6.1.4. Later Research Direction

(1) Intelligent control technology: Real-time adaptive control systems based on sensors and AI are developed.

(2) Low-power design: Explore the application of electric, hybrid, and lightweight materials.

(3) Shared economic model: Promote cooperative or rental models to reduce the cost of use.

6.2. Conclusions

(1). In order to solve the problems of no suitable machine available, low operating performance, and poor handling in hilly and mountainous silage harvesting operations, a single-disk silage harvester was designed. Solid Works and CAD were used to make the drawings and three-dimensional drawings of the parts and the whole machine. Through theoretical calculation and combined with the actual production situation, the rotation speed of the conveying drum is determined to be n = 30–60 rpm, the rotation speed of the disk cutter is n2 = 988–1623 rpm, and the rotation speed of the power output shaft is 650~720 rpm. The actual productivity Q_t = 38 t·h⁻¹ is calculated.
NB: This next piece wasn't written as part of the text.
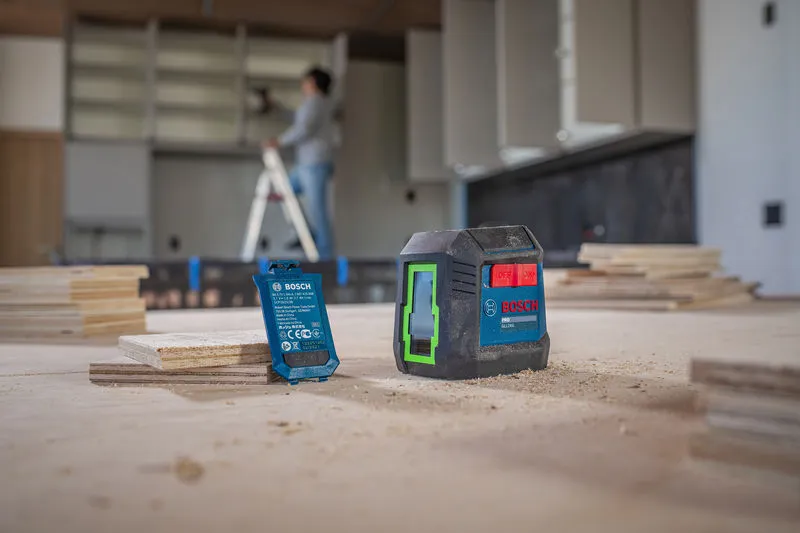 Ferramenta de nivelamento a laser sobre uma mesa empoeirada; pessoa trabalhando em uma escada ao fundo.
(2). Based on the corn silage harvester selected in this paper, harvesting productivity, standard grass length rate, and stubble passage rate were used as evaluation indexes, and working speed, cutter speed, and drum speed were used as design parameters. The optimal Latin hypercube method was used to extract 48 groups of sample data as the experimental design, and MATLAB R2021 and Isight software were used to analyze the interaction of various factors on the evaluation index. The analysis showed that the working speed of the whole machine as a single factor had the greatest influence on the harvesting productivity y1, the standard grass length rate y_2, and the stubble passing rate y₃, but the negative influence. The interaction terms such as x₂x₃ and x₁x₃ have relatively significant effects on y₁, y_2, and y₃. Among them, x₂x₃ has a positive effect on all three indicators, x₁x₃ has a positive effect on y₁ and y₂ and a negative effect on y₃.

(3). The ternary quadratic regression prediction model was constructed by Isight 5.6 software, and the validity of the model was verified by variance analysis and field experiments. It shows that the response surface model of the evaluation index can fit the response well. The program of the SMPSO algorithm is written by MATLAB R2021, and the main program is run to optimize the objective and obtain the Pareto solution set. Combined with practical experience, the optimal parameter values of x₁, x_2, and x₃ are 1.00 m/s, 1085.89 rpm, and 30 m/s, respectively, and the values of the optimal values of y_1–1, y_2–1, and y_3–1 are 38 t·h⁻¹, 82.15%, and 91.95%, respectively. By adjusting the operating parameters of the prototype (the optimized parameter values), the two field experiments were carried out, and the values of y_1–2, y_2–2, and y_3–2 were 36 t·h⁻¹, 81.38%, and 89.73% respectively. This is because in the actual operation process, due to the influence of topography, soil quality, and operators, the operating parameters are unstable, so the test statistical value is slightly smaller than the optimized calculation value.

The values of y_1–1, y_2–1, and y_3–1 are within the error range of 5% compared to the values of y_1–2, y_2–2, and y_3–2. It can be considered that the optimization parameters and results meet the requirements.